# Who wants to make the drive?



## stroker79 (Dec 2, 2006)

You guys on the east coast are going to get nailed it looks like! Any of you need any help?

Anyone from illinois want to make the drive over there? its closer than colorado!


----------



## Mark13 (Dec 3, 2006)

stroker79;455508 said:


> You guys on the east coast are going to get nailed it looks like! Any of you need any help?
> 
> Anyone from illinois want to make the drive over there? its closer than colorado!


I'd be up for it except I think my door and mirror will fall off before I get there.
Christmas break is in a week then I don't have to go back until like January 7th.


----------



## Midwest BuildIt Inc (Nov 14, 2004)

its going to snow here on saturday, cant go anywhere till its clear here.....


----------



## Snow Master (Jul 30, 2007)

*Let's do it.*

You can meet me in Toledo.


----------



## Pirsch (Jun 1, 2007)

Hey on the way can you guys hit my drive and sidewalks? I have to work my regular job this weekend and need it cleared by the time I get home!  Hey it's on the way just a short trip off I-70!


----------



## Camden (Mar 10, 2007)

stroker79;455508 said:


> You guys on the east coast are going to get nailed it looks like!
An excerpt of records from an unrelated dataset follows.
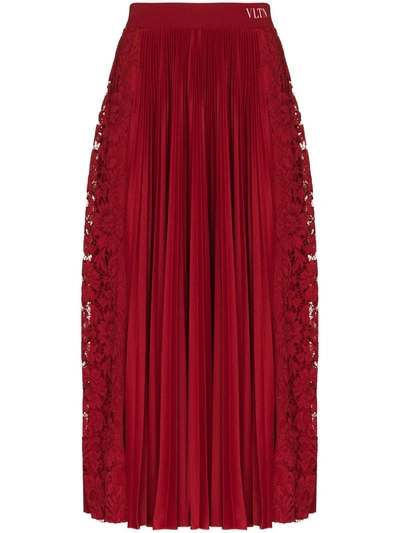 Valentino Red Pleated Lace-trimmed Jersey Midi Skirt In Red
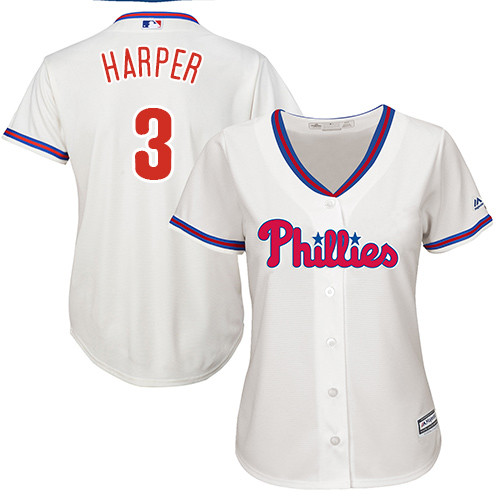 Women's Phillies #3 Bryce Harper Cream Alternate Women's Stitched Baseball Jersey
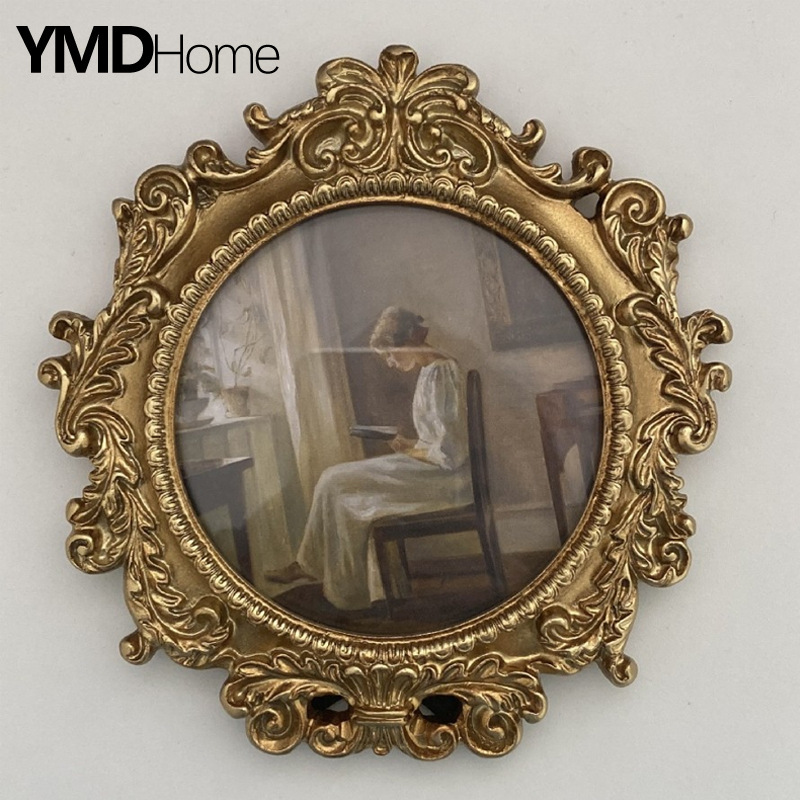 European-Style Retro Imitation Wood Customizable and Wholesaleable Resin Photo Frame Ornaments 6inch-12inch Wall-Mounted Wedding Photos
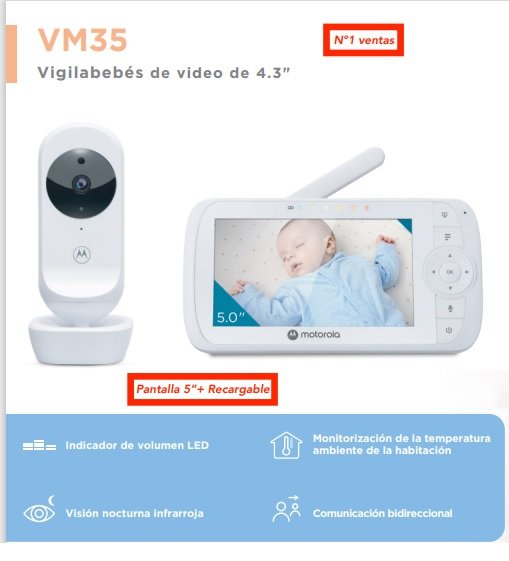 VM35 vigilabebes video color 4.3 Motorola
Any of you need any help?
> 
> Anyone from illinois want to make the drive over there? its closer than colorado!


Have you made contact with someone who actually needs subs or are you planning to go there and figure it out then?


----------



## stroker79 (Dec 2, 2006)

id like to make contact with someone first. dont want to waste the time and money drivin for nothing.

I know people on here will need help, they just dont know it yet.


----------



## Snow Master (Jul 30, 2007)

*Let's Do It*

What area did you have in mind? How soon would you leave? I have a couple of contacts in mind, just need to know what area we're going.


----------